Gabon economic forum 2026 : l’impératif d’une alliance solide entre l’état et le secteur privé
Le thème central, « Des entreprises fortes pour une croissance durable et une prospérité partagée », a donné le ton de cette rencontre stratégique pour l’avenir du Gabon. Les échanges, portés par des acteurs économiques majeurs et des personnalités politiques de premier plan, ont tous convergé vers une volonté commune : dynamiser l’économie nationale.
Un dialogue constructif à la Cité de la Démocratie
Le Palais des congrès de la Cité de la Démocratie a servi de cadre à la deuxième édition du Gabon Economic Forum (GEF), une initiative de la Fédération des entreprises du Gabon (FEG). Au cœur des débats, la place prépondérante du secteur privé dans la nouvelle trajectoire économique du pays a été largement analysée.
Alain-Claude Kouakoua, président de la FEG, a vigoureusement plaidé pour l’instauration d’un partenariat basé sur une confiance réciproque entre l’administration publique et les opérateurs économiques. Selon lui, cette synergie est la condition sine qua non de la compétitivité du Gabon. Un constat partagé par le vice-président de la République, Hugues Alexandre Barro Chambrier, qui a souligné que sans cette confiance mutuelle, les investissements indispensables au développement ne pourraient se concrétiser.
Passer du diagnostic aux résultats concrets
Si la précédente édition avait permis d’identifier les freins à l’expansion économique, le GEF 2026 marque une volonté de franchir une étape supérieure. Alain-Claude Kouakoua a insisté sur le fait qu’un état des lieux, aussi précis soit-il, ne trouve sa pertinence que s’il aboutit à des solutions tangibles. Pour le patronat, l’objectif final reste la création d’emplois et l’amélioration du quotidien des populations, des résultats qui ne peuvent émaner de simples rapports.

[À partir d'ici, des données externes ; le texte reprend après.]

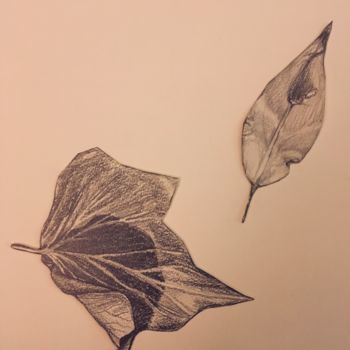 Σχέδιο με τίτλο "Feuilles. Planche 5…" από Victoria, Αυθεντικά έργα τέχνης, Μολύβι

De son côté, Hugues Alexandre Barro Chambrier a réaffirmé l’engagement de l’État à assumer ses responsabilités. Il s’agit notamment de garantir un climat des affaires attractif et de poursuivre l’assainissement des finances publiques afin d’honorer les engagements financiers de l’État envers les entreprises privées.
L’entreprise, moteur de la société africaine
L’histoire du développement économique montre qu’aucune nation ne peut prospérer durablement sans un tissu entrepreneurial local robuste. Le secteur privé n’est pas un simple figurant, mais le véritable moteur de la transformation sociale et de la création de richesses. Avec l’appui du gouvernement, il doit porter la croissance et améliorer les conditions de vie des citoyens.
L’heure est désormais à l’action. Les investisseurs ne se contentent plus de promesses ; ils recherchent de la visibilité, une sécurité juridique renforcée, la stabilité des réglementations et une justice équitable. La FEG entend poursuivre son action pour que la transparence et le respect des engagements deviennent les piliers de l’économie gabonaise.
Enfin, l’ouverture offerte par la Zone de libre-échange continentale africaine (Zlecaf) représente un tournant majeur. Pour les entreprises du Gabon, l’enjeu dépasse désormais les frontières nationales. Il s’agit de conquérir le marché continental, d’intégrer les chaînes de valeur régionales et de faire émerger des leaders industriels capables de représenter fièrement le Gabon sur la scène de la politique africaine et économique internationale.